Monday, July 9, 2012

Yu Jin Ko on Shakespeare's greatest lovers


Shakespeare scholar Yu Jin Ko didn't blink when I asked him to drive up from Wellesley College in Massachusetts to see the Stonington Opera House production of "Antony and Cleopatra." He said: "Yes! It's one of my favorite plays." This will be Ko's third year joining the Opera House Arts Shakespeare festival to participate in post-show audience conversations with the audience. You can read his thoughts from past years on "Much Ado about Nothing" and "Measure for Measure."  Ko, members of the creative team and I will talk with the audience after the performance of "Antony and Cleopatra" 7 p.m. Friday, July 13 at the Burnt Cove Church in Stonington, Maine. The show opens Thursday July 12 and runs through July 22. The following is an excerpt from an e-mail exchange with Ko. 

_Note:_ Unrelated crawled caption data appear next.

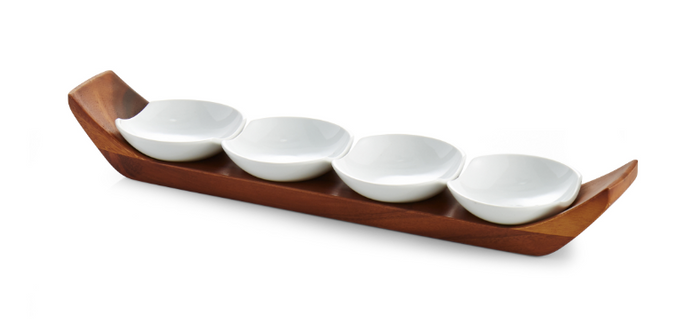 Four white porcelain snack bowls arranged on a woodenAcacia wood base, isolated on a white background.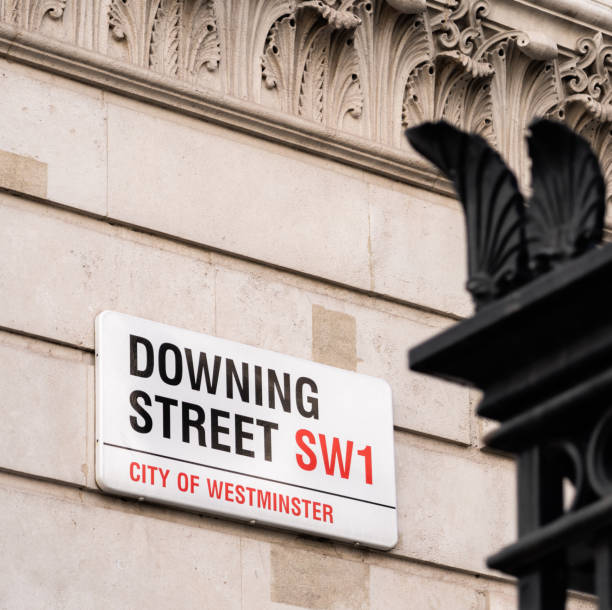 Close up of a sign for Downing Street in Westminster, London, the location of the UK Prime Minister's official residence.
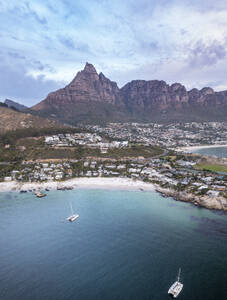 Aerial view of yachts moored in a bay with white sandy beaches and boulders and mountains in the background, and houses in the landscape Cape Town, Western Cape, South Africa. - AAEF26511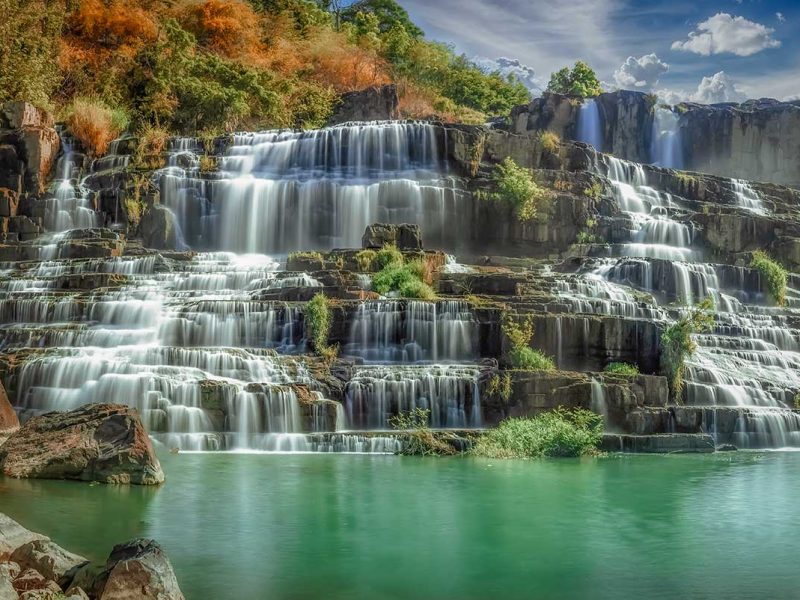 Pongour Waterfall in the dry season near Dalat, showing layered waterfalls surrounded by forested hills and seasonal colors.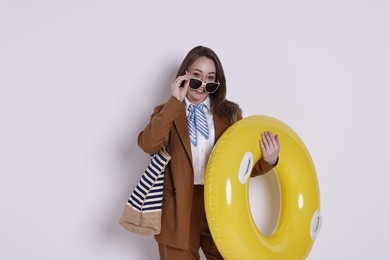 Photo of Businesswoman with inflatable ring, bag and sunglasses on white background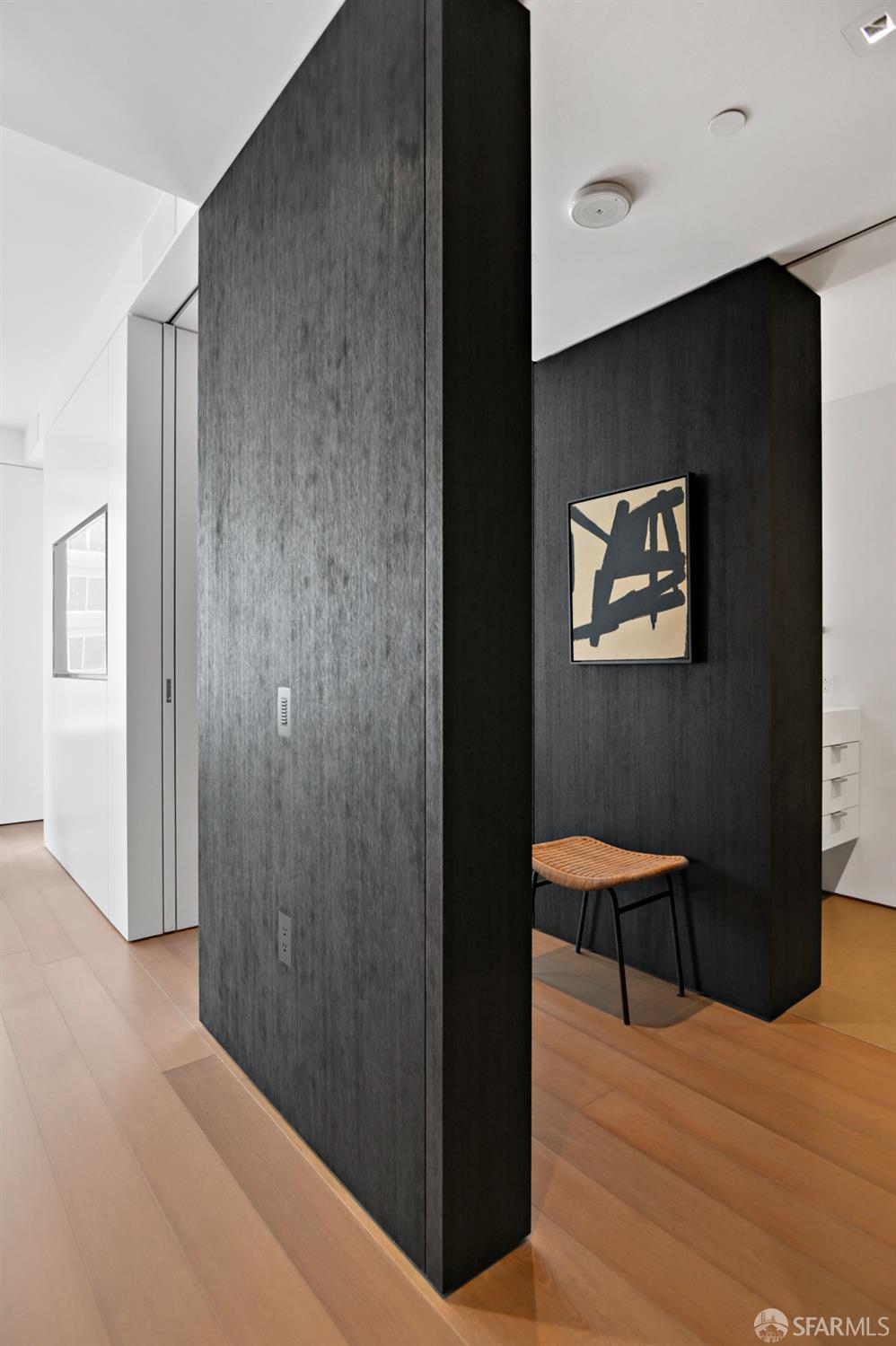 188 Minna, Unit 27A San Francisco, CA 94105 - Photo 21 of 42 a view of a hallway with wooden floor and furniture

The Stonington Opera House production of "Antony and Cleopatra" is very intentionally set in a church, and many of the scenes make use of the church as "pulpit" -- even though there is no pulpit in the church. Is "A&C" a good "church" play? 
 It's not a "good" church play -- it's a great church play. The main characters continually assert a spiritual, transcendent dimension to their love, even as they heap disdain on Roman moral attitudes that befit a "pulpit." 

You wrote this about Antony and Cleopatra: "The heart of their world is the world of their hearts." Tell us more about this idea. Are they the greatest lovers in all of Shakespeare? 
Yes, they are the greatest lovers in Shakespeare. (They make Romeo and Juliet look like the young kids that they are.) They love to use the world as their stage, but the world that ultimately matters to them -- the "new heaven, new earth" that they seek -- is the one they create together through their unruly but sublime romance.  

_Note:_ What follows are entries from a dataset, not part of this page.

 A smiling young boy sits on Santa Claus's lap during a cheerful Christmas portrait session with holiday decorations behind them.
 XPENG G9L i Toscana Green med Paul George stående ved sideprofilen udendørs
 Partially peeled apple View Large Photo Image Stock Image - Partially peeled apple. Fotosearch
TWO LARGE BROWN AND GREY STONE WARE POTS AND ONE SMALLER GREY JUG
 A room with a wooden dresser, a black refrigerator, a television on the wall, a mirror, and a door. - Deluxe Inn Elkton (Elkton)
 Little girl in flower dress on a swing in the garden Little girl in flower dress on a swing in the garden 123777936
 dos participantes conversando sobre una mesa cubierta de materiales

You once mentioned to me that "A&C" is one of your favorite Shakespeare plays. Why?
It's the ultimate fantasy of sorts -- if you can be delinquent on an epic scale, you can achieve sublimity and redemption.   

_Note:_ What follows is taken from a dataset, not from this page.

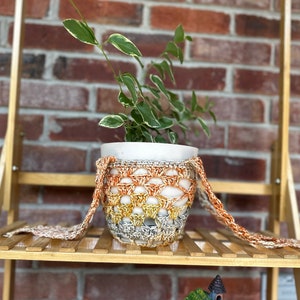 May include: A small potted plant with green leaves in a white pot, sitting on a wooden shelf. The pot is wrapped in a crocheted cover with orange, yellow, and gray stripes.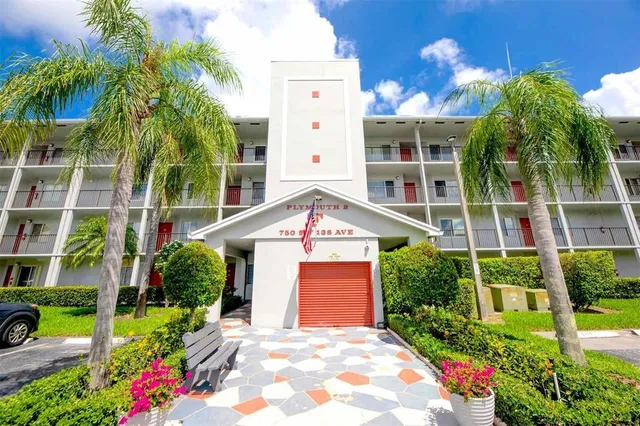 a front view of a multi story residential apartment building with a yard and potted plants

What scene or character will you most be watching for in this production? Is there a place in the play that has to be highlighted, heightened or done perfectly for the rest of the play to fly?
I love every part of this play, but I'll of course watch Cleopatra most closely.  I like to joke with my students that either they're in love with Cleopatra or they're wrong.

Who is more powerful: Antony or Cleopatra? 
 Cleopatra. He always succumbs to her in the end, and it's Cleopatra who ultimately determines how we view Antony.